EXERCISE DATA:
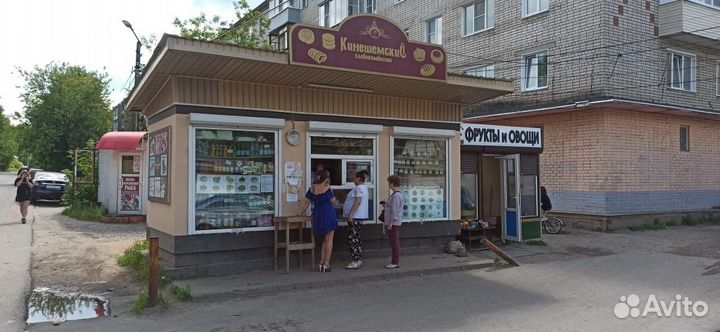 Свободного назначения, 12.5 м²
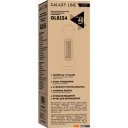 Вентиляторы и охладители воздуха Galaxy Line GL8154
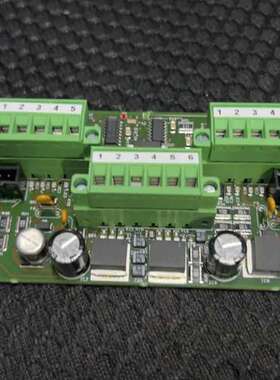 售前咨询MAN 14.0330.0-000 电路板议价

EXERCISE DETAILS:
Copy out all the data exactly, skipping the pictures.

FINAL ANSWER:
 Свободного назначения, 12.5 м²
 Вентиляторы и охладители воздуха Galaxy Line GL8154
 售前咨询MAN 14.0330.0-000 电路板议价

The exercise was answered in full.